(Directions)
Could you retype all of the records exactly, leaving out every picture?

(Listed entries)

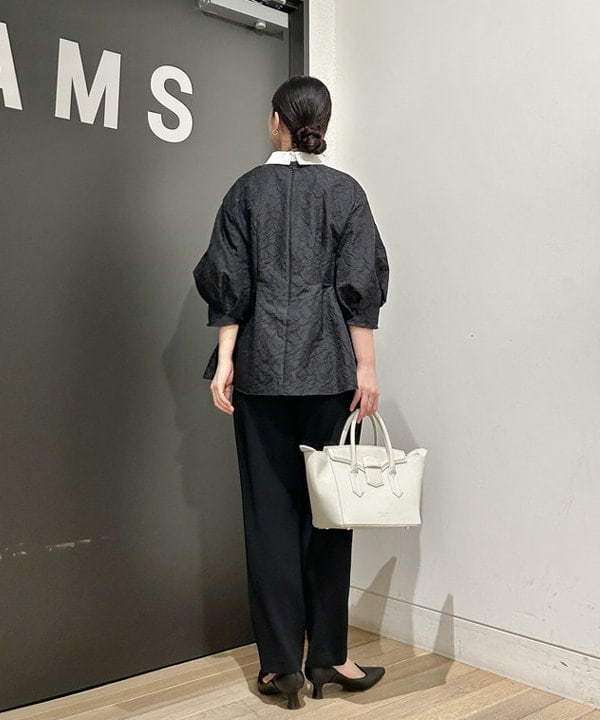 佐藤 美樹さんの「BEAMS WOMEN｜フクレ織りジャカード アタッチドカラー ブラウス＊」を使ったコーディネート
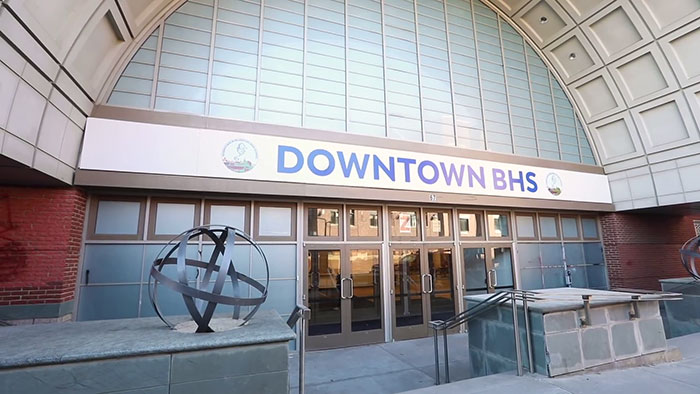 This School In Vermont Has Been Installed In A Former Macy's And The Vibe Is Unlike Anything Else, Not Only Because Of The Escalators (20 Pics)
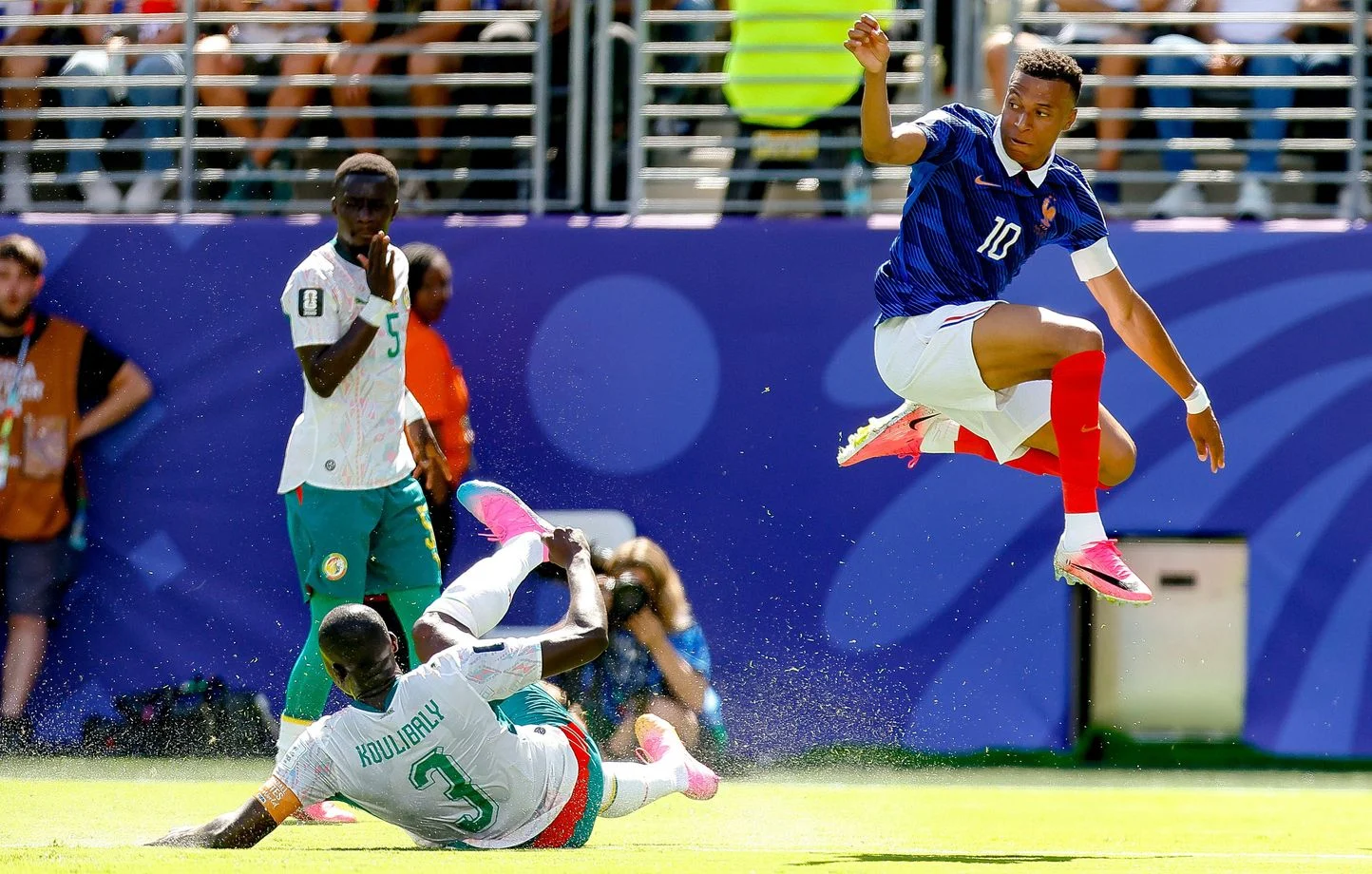 You are currently viewing Coupe du monde 2026 : Le Sénégal tombe avec les honneurs face à la France – Mbappé double Pelé et célèbre avec une flûte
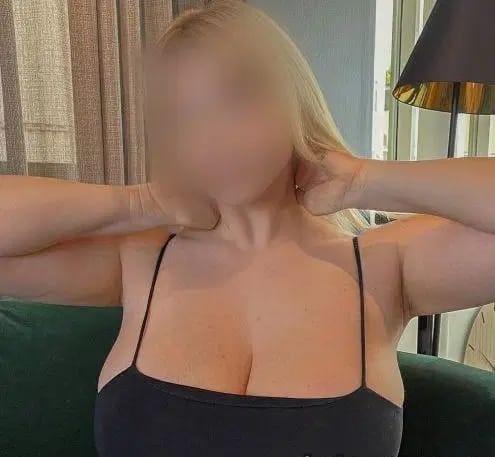 Chica busca chico en La Coruña: 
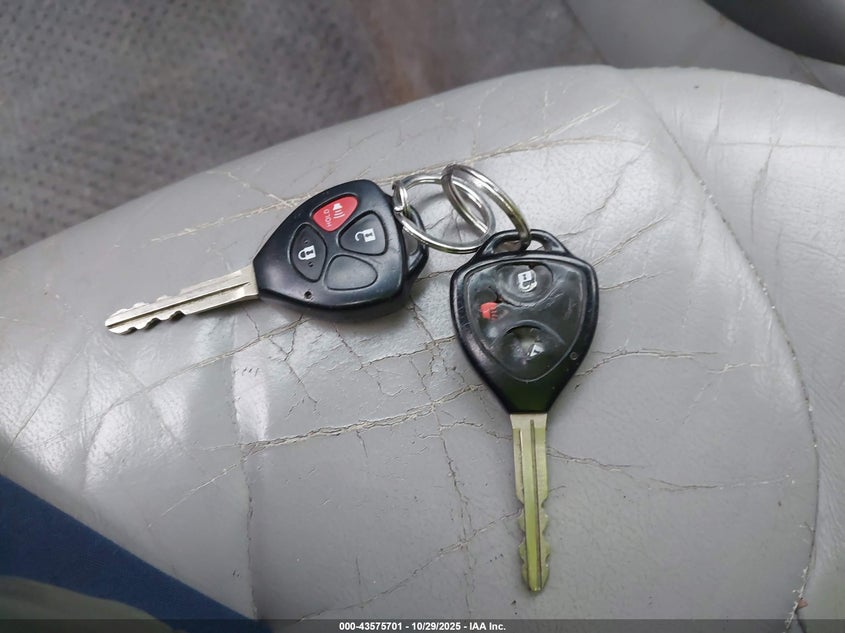 2007 Toyota Rav4 Limited VIN: JTMZD31VX75036086 Lot: 43575701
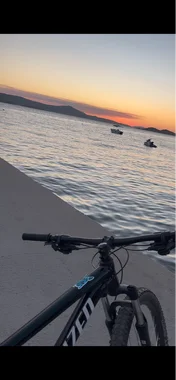SPECIALIZED ROCKHOPPER 2023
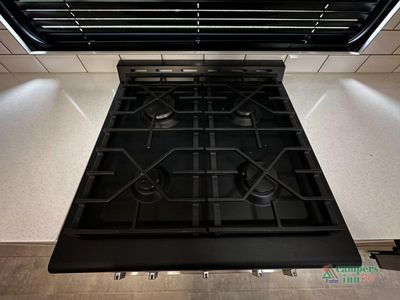 2027 Grand Design Solitude - Photo 26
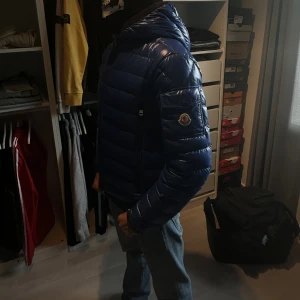 Moncler jacka  - En super fin moncler jacka köpt på nk. Finns kvitto. Ny skick. Ser knappt ut som jag använt den. Köpte jackan för 10 000 kr. Jag kommer sälja denna jacka för 5000. Men priset kan diskuteras vid snabb affär. Den är storlek small. 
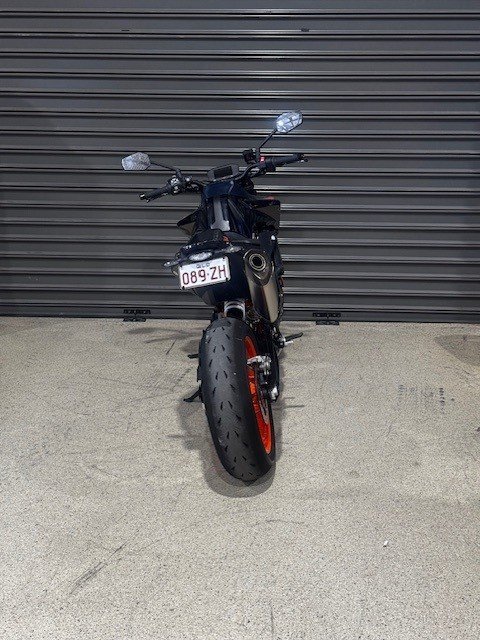 2023 KTM 890 DUKE R BLACK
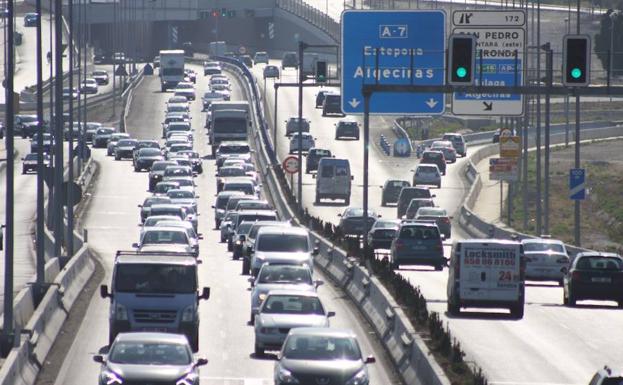 Caravana en el entorno del soterramiento de la travesía de San Pedro Alcántara. 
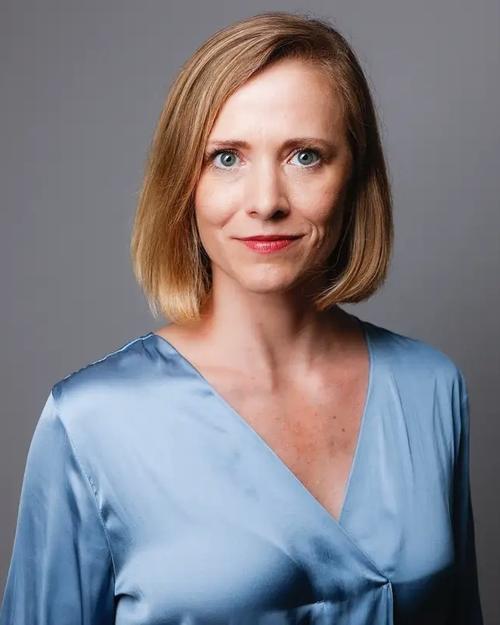 Tiziana Guerra ist eine der fünf Gewinner*innen unseres Ideenwettbewerbs "Kunst trifft Wissenschaft". Gewonnen hat sie in der Kategorie Verantwortungsvolle Innovation.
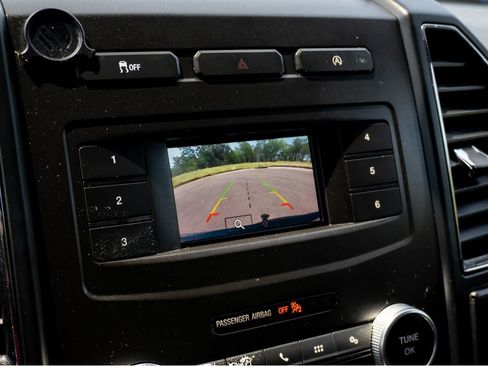 Used 2018 Ford Expedition XL RWD image 25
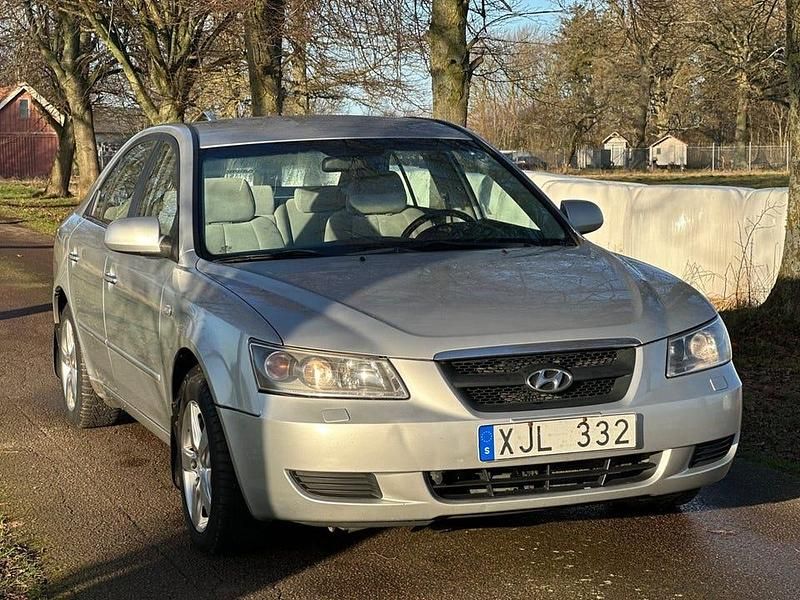 Silver Begagnad 2005 Hyundai Sonata Sedan | 17 500 kr - Bild 1/4
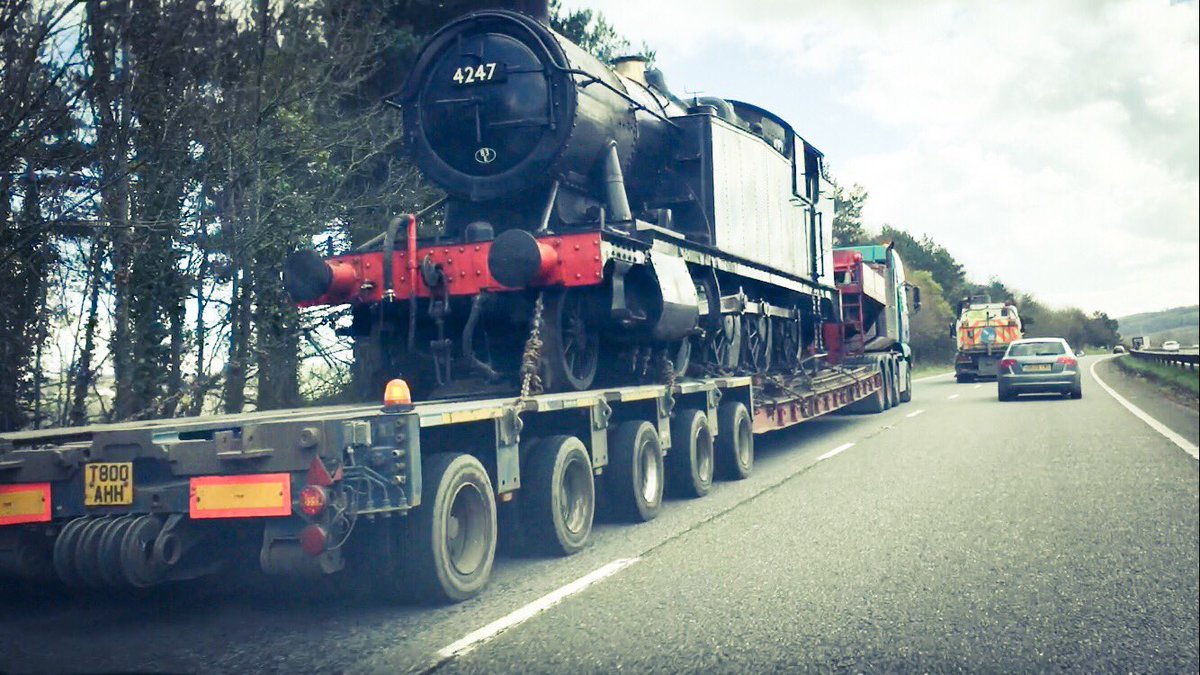 KerrKriss's tweet photo. @abnormal_loads Also got a snap of your very unusual load yesterday...! 😂😎👍 https://t.co/AUmMUZCMsa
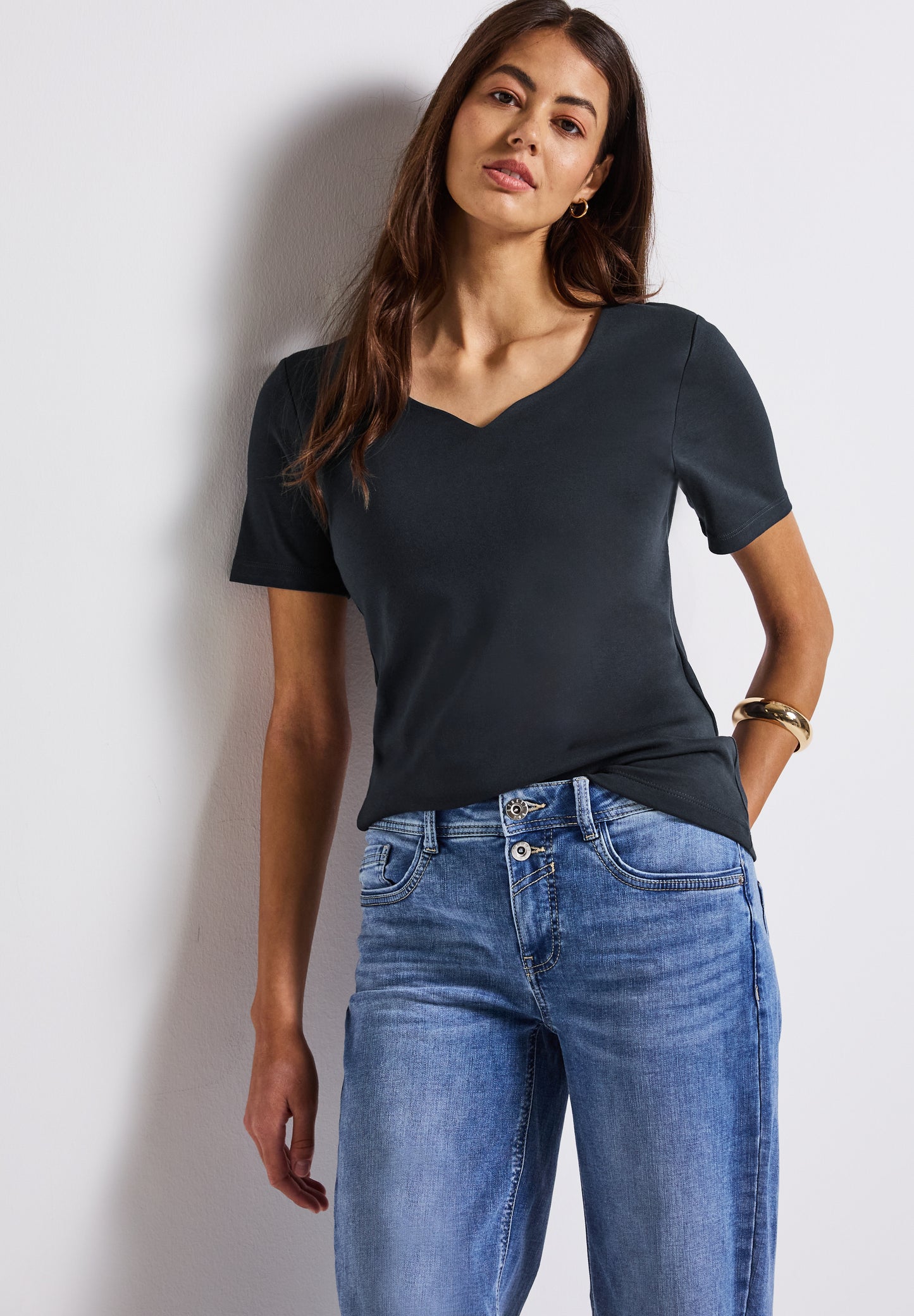 T-Shirt mit Herzausschnitt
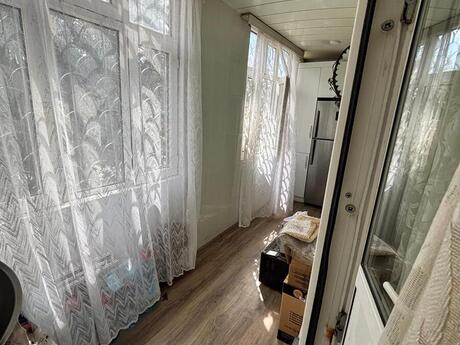 4 otaqlı mənzil, 105 m², Neftçilər: 240 000 ₼ 2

(Response to this exercise)
 佐藤 美樹さんの「BEAMS WOMEN｜フクレ織りジャカード アタッチドカラー ブラウス＊」を使ったコーディネート
 This School In Vermont Has Been Installed In A Former Macy's And The Vibe Is Unlike Anything Else, Not Only Because Of The Escalators (20 Pics)
 You are currently viewing Coupe du monde 2026 : Le Sénégal tombe avec les honneurs face à la France – Mbappé double Pelé et célèbre avec une flûte
 Chica busca chico en La Coruña: 
 2007 Toyota Rav4 Limited VIN: JTMZD31VX75036086 Lot: 43575701
SPECIALIZED ROCKHOPPER 2023
 2027 Grand Design Solitude - Photo 26
 Moncler jacka  - En super fin moncler jacka köpt på nk. Finns kvitto. Ny skick. Ser knappt ut som jag använt den. Köpte jackan för 10 000 kr. Jag kommer sälja denna jacka för 5000. Men priset kan diskuteras vid snabb affär. Den är storlek small. 
 2023 KTM 890 DUKE R BLACK
 Caravana en el entorno del soterramiento de la travesía de San Pedro Alcántara. 
 Tiziana Guerra ist eine der fünf Gewinner*innen unseres Ideenwettbewerbs "Kunst trifft Wissenschaft". Gewonnen hat sie in der Kategorie Verantwortungsvolle Innovation.
 Used 2018 Ford Expedition XL RWD image 25
 Silver Begagnad 2005 Hyundai Sonata Sedan | 17 500 kr - Bild 1/4
 KerrKriss's tweet photo. @abnormal_loads Also got a snap of your very unusual load yesterday...! 😂😎👍 https://t.co/AUmMUZCMsa
 T-Shirt mit Herzausschnitt
 4 otaqlı mənzil, 105 m², Neftçilər: 240 000 ₼ 2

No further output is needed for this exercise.